Fix Version/s: None
Colin Slater found memory usage problems with MatchPessimisticB in extremely dense reference fields. This is due to larger data structures that the code makes to the searching steps as fast as possible. The complexity and size of these could be reduced enabling quicker task creation and lower memory overhead at the cost of slightly slower matching. This ticket will implement this reduction in complexity and compare to previous run times.
Originally reported in
After talking with Colin Slater today we made a plan to test and implement this.

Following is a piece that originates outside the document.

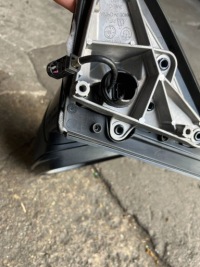 фото thumb №7, 134 bmw x6 e71 lci дзеркало праве камера 3p чорний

First, I'll establish a baseline for memory usage and processing time using ci_hsc and lsst_ci/DECam data.
The first step will be reducing the precision data arrays from 64bit to 32bit floats. This should reduce the data size by roughly half. After this the matcher will be run though ci again.
Next, will be to remove all pre-computed and sorted stored 3-vector deltas from the matcher. This should reduce the memory usage in the matcher by a factor of 5 in total without an appreciable increase in run-time. This could be merged in this state with possible further improvements to come in another ticket if needed.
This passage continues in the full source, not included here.